**Information provided**
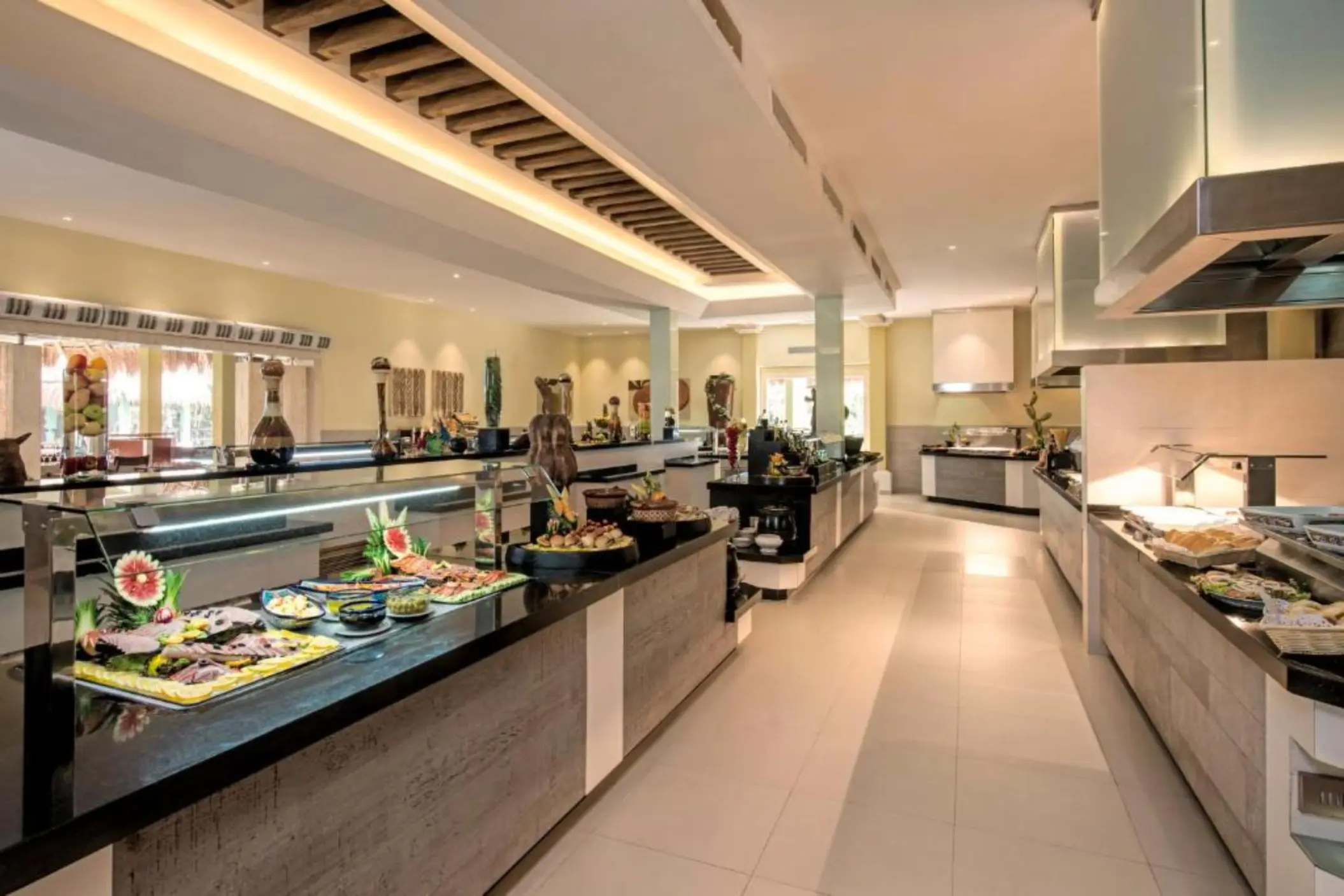 An indoor buffet restaurant with a long counter full of various food options.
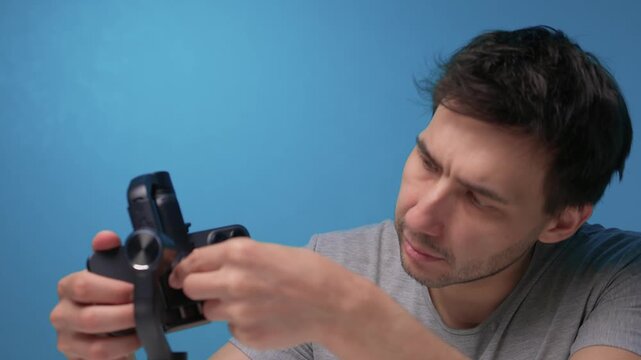 Person adjusts camera stabilizer while smiling in professional studio setup. Person in casual attire is testing camera movement techniques in blue studio environment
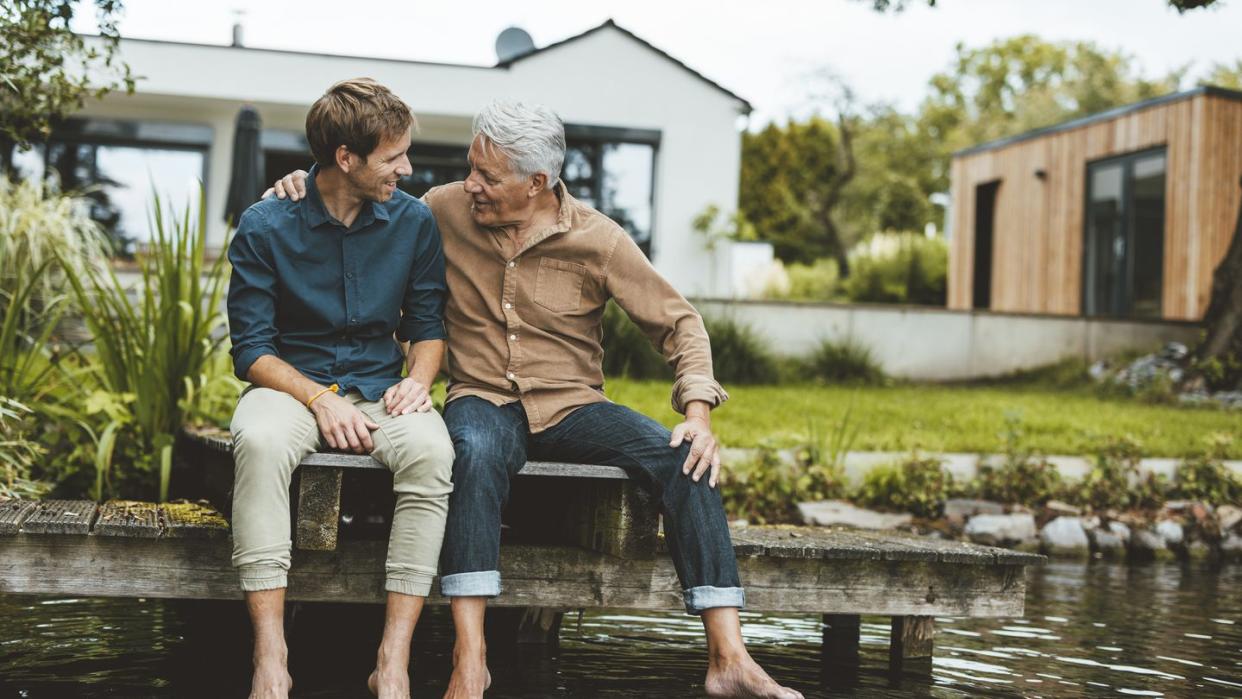 man talking with adult son sitting by lake in backyard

**Work item**
What is needed is a word-for-word copy of the data above, free of any images.

**Written solution**
 An indoor buffet restaurant with a long counter full of various food options.
 Person adjusts camera stabilizer while smiling in professional studio setup. Person in casual attire is testing camera movement techniques in blue studio environment
 man talking with adult son sitting by lake in backyard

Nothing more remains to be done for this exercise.